PROBLEM REQUIREMENTS —
Emit a verbatim copy of the lines below from the line with "Конструктор ГОРОД МАСТЕРОВ" through the line with "茂捷电子 电池电路板保护盒 稳定性好 塑料外壳 充电桩", excluding pictures and everything outside that range.

INPUT FOR THIS TASK —
- Opening Delimiter -
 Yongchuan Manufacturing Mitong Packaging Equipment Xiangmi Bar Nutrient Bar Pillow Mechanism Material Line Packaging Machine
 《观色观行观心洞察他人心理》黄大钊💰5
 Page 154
- Closing Delimiter -
- Opening Delimiter -
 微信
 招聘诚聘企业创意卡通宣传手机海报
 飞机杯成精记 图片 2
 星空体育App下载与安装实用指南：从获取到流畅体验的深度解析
- Closing Delimiter -
- Opening Delimiter -
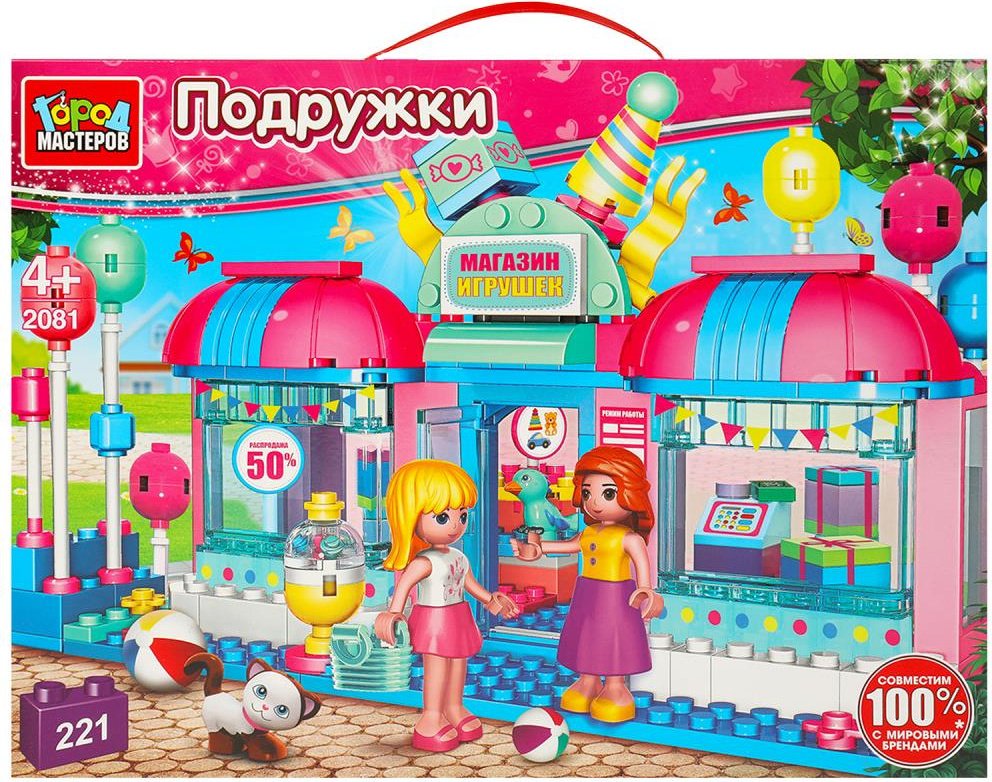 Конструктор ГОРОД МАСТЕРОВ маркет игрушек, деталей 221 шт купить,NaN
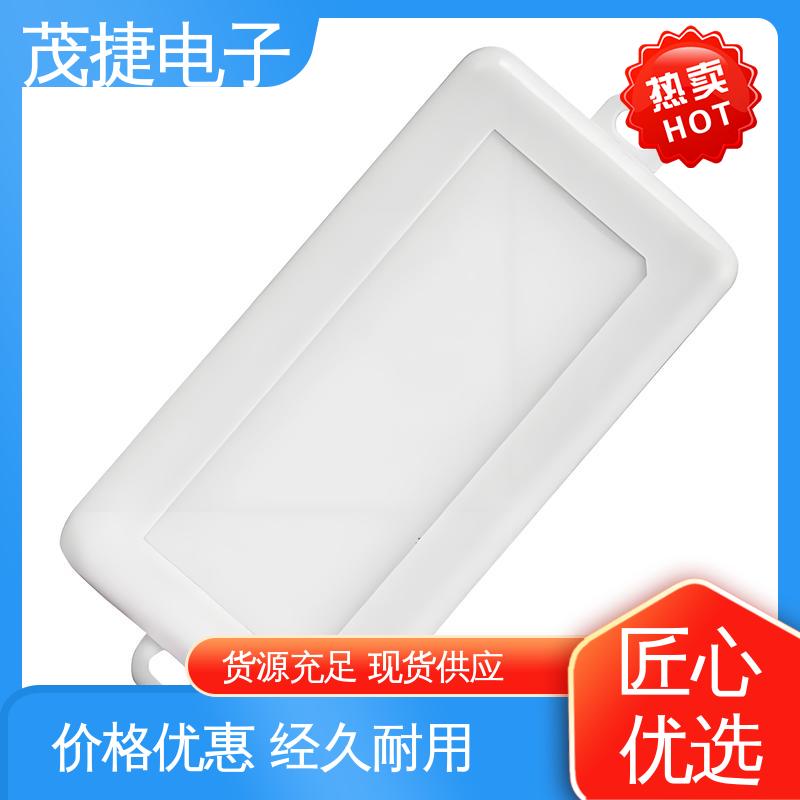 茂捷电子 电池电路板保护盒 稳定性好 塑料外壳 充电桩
- Closing Delimiter -
SOLUTION FOR THIS TASK —
 Конструктор ГОРОД МАСТЕРОВ маркет игрушек, деталей 221 шт купить,NaN
 茂捷电子 电池电路板保护盒 稳定性好 塑料外壳 充电桩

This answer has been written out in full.